In summary, each state has the exclusive right of jurisdiction to prosecute
  • offences, including offences relating to its security, punishable by its law, but not by the law of the other State
Where the right to exercise jurisdiction is concurrent the military authorities of the sending State shall have the primary right to exercise jurisdiction for
  • offences solely against the property or security of that State, or offences solely against the person or property of another member of the force or civilian component of that State or of a dependent
  • offences arising out of any act or omission done in the performance of official duty.
In the case of any other offence the authorities of the receiving State shall have the primary right to exercise jurisdiction.

Within NATO, the exercise of jurisdiction by the sending state is therefore limited to the circumstances provided for in article VII, which I have broadly summarised above. There may be arguments over what "offences arising out of any act or omission done in the performance of official duty" means, but this is generally understood to mean while in uniform and engaged on official duties (including travelling to and from those duties, although this is not always agreed). The soldier who steps outside those boundaries is the one who might find himself at the mercy of a receiving state court.

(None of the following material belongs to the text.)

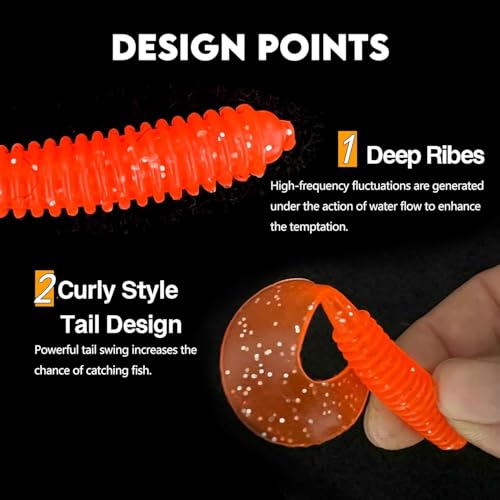 Eupheng 4in White Curly Tail Swimbait Fishing Lure 10PCS - Soft Plastic Bait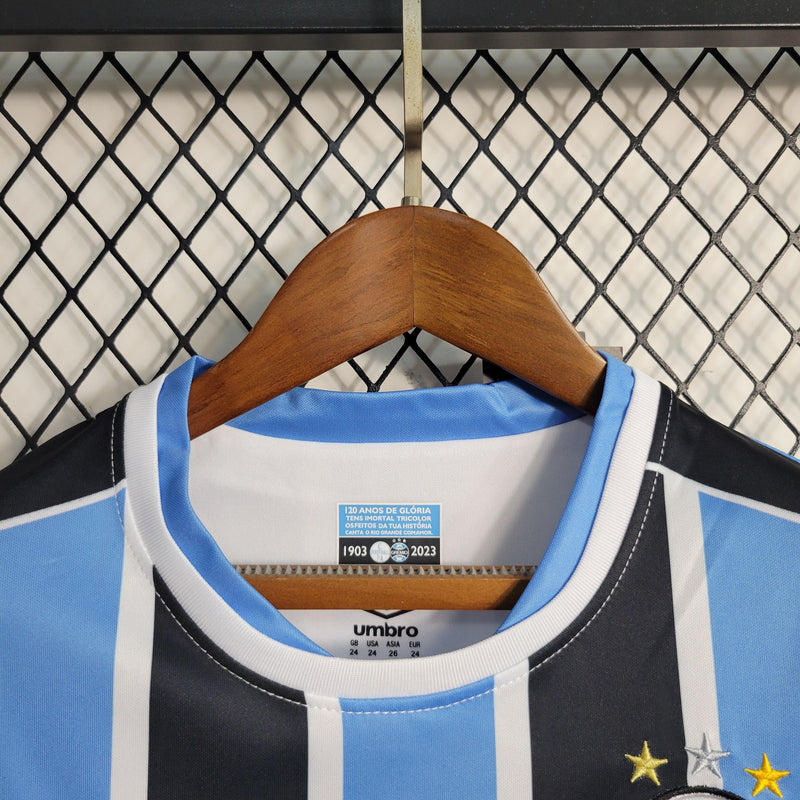 Kit Infantil Grêmio Home 23/24 Torcedor Umbro Masculino - Azul, Preto e Branco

Outside of NATO, SOFAs make express provision for jurisdiction. The reasons for trying to retain jurisdiction over a nation's own soldiers make good common sense: soldiers are dealt with by their domestic enacted laws governing investigation, pre-trial rights and trial procedures, with any court proceedings conducted in their own language, being able to engage and easily instruct their counsel and, if found guilty, to serve their sentence in a prison in their home country, with all appeal rights open to them. There is protection under the rule of law. Subjecting soldiers to the possibility of trial for alleged offences before courts with different systems of justice, poor records of adherence to human rights etc is not conducive to recruitment or maintaining morale. It is also likely to cause problems back home when commanders and politicians have to account to an irate public that perceives their soldiers have not been given the protections they would otherwise have had.

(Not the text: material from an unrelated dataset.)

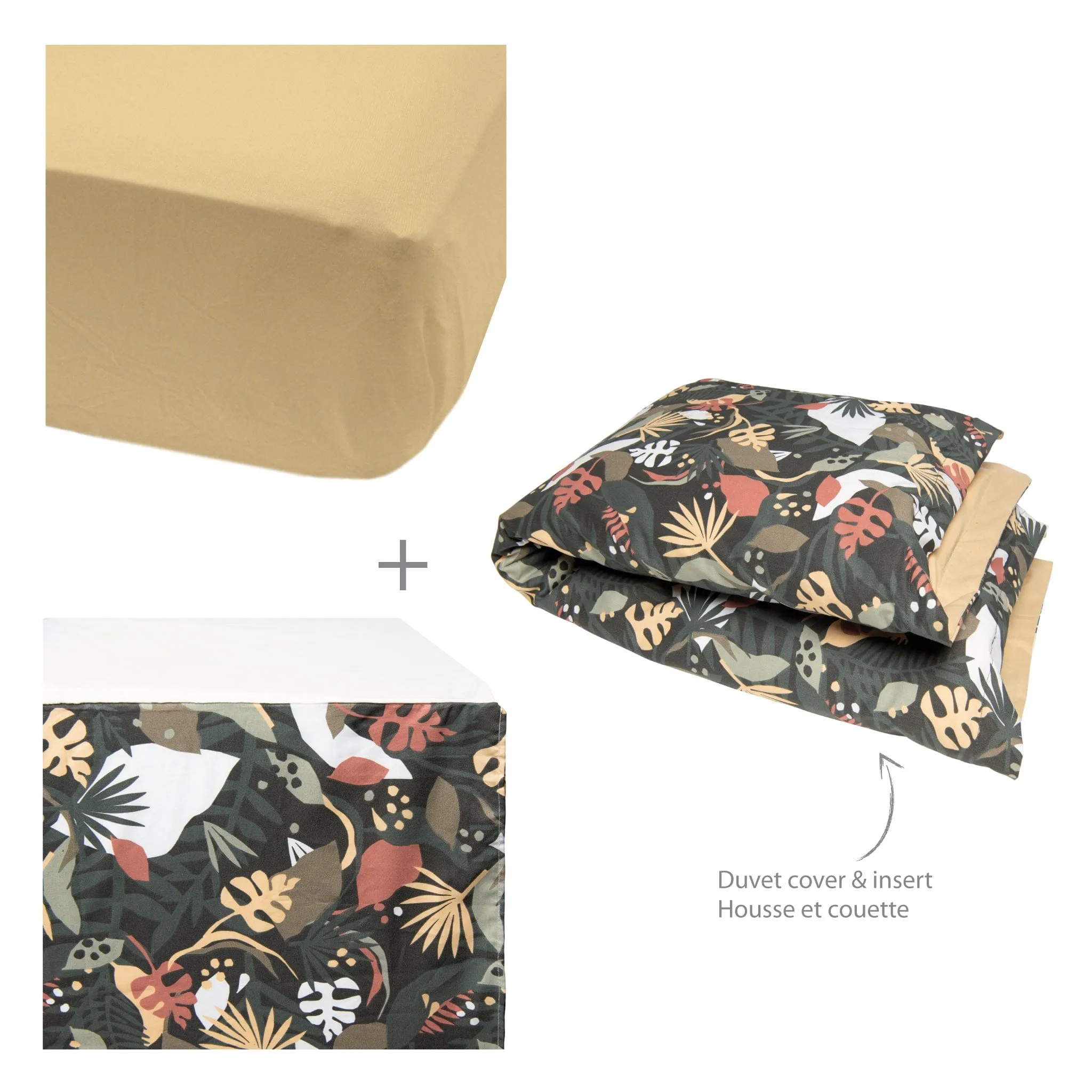 4 pieces crib set - Tropical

The Iraqis are not members of NATO. However, in my experience, Status of Forces Agreements (SOFAs) with non-NATO countries do tend to contain jurisdictional provisions at least as good as those found in the NATO SOFA, for the reasons explained. Assuming that the US agrees a SOFA with Iraq along these lines, US forces accused of committing offences whilst on duty should still have the protection of their own system of justice. As the likelihood of US soldiers socialising in civilian clothes in a disco in down-town Bagdad is a remote one, the chances of being prosecuted in local courts for serious crimes committed in such circumstance is also remote, in my view. Soldiers tend to be regarded as on duty most of the time they are in Iraq, anyway.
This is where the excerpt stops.